En observant la vie politique espagnole, on voit bien les difficultés de l’actuel gouvernement de Pedro Sanchez face à la puissance de ce « Poder Judicial », pouvoir des juges contre le pouvoir politique.

Depuis plusieurs semaines, un véritable bras de fer oppose le gouvernement de Pedro Sanchez (PSOE, UP, IU) à la droite PP et Ciudadanos. Le CGPJ a approuvé à une majorité écrasante la nomination à 6 postes clés de juges contre l’avis du gouvernement Ces nominations ne seront pas sans influence sur les prochains procès à venir. Il semble que l’on met beaucoup l’accent sur les failles politiques dans la gestion de la crise catalane, mais on oublie de parler du poids de cette institution judiciaire. L’influence du PP est encore forte et il n’est pas près de céder sa place. Il suffit de rappeler les propos de Cayetana Álvarez de Toledo, députée du Parti populaire, qui est allée jusqu’à affirmer que le « Poder Judicial » est le dernier bastion contre le progressisme…

Le rapport annuel de l’Union européenne sur l’État de droit (septembre 2020) a mis en garde l’Espagne sur la politisation du CGPJ, les difficultés sautent donc aujourd’hui aux yeux de tous. Mais les errements judiciaires continuent de s’accumuler. Il n’en est de preuve que de parler de la destitution de Quim Torra, président élu de la Generalitat, destitué par le tribunal pour avoir affiché des lacets jaunes en soutien de ses collègues poursuivis.
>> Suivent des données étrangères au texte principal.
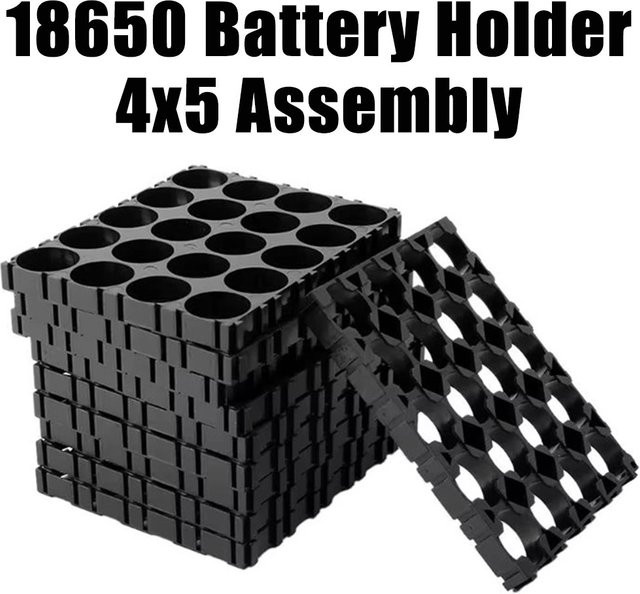 18650 Lithium-Batterie-Halterung für Elektrofahrzeuge, schwarze Batteriezellen-Verbindungshalterung zum Spleißen - Bild 1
Restant volontairement sur un strict plan juridique, nous reprendrons ici bien volontiers l’analyse du professeur de droit constitutionnel de l’université de Séville Javier Perez Royo dans son billet quotidien du journal El Diaro (28 septembre 2020).

Selon lui, la décision de la « Junta electoral », instance administrative chargée de surveiller le bon déroulement des processus électoraux, qui a ordonné au président Quim Torra de retirer les marques de soutien aux prisonniers pendant la dernière campagne électorale, ne peut pas être constitutive d’un délit de désobéissance Celui-ci ne peut être constitué que s’il y a désobéissance à une décision judiciaire. Le tribunal de justice de Catalogne, puis le Tribunal suprême ont purement avalisé la décision de la « Junta electoral », mais n’ont pas eux-mêmes prononcé de décision demandant le retrait des marques de soutien, ce qui est une irrégularité grave, contraire à la Constitution. Le délit de désobéissance n’est pas constitué, donc la destitution est irrégulière. Le tribunal constitutionnel devra statuer sur le recours formé par le président Torra. Le bilan est donc mitigé et surtout l’absence de règlement politique est inquiétante. Amnistie ou grâce sont venues alimenter le débat, mais ne satisfont personne. Dans tous les cas de figure, la Cour européenne sera saisie si le tribunal constitutionnel ne rend pas un avis favorable, mais les délais sont longs. En tout état de cause, il serait bon que le gouvernement de Pedro Sanchez s’engage à supprimer les délits de sédition et de rébellion, ce qui aurait, par l’effet de l’application immédiate de la loi pénale plus douce, un effet immédiat sur les condamnations prononcées.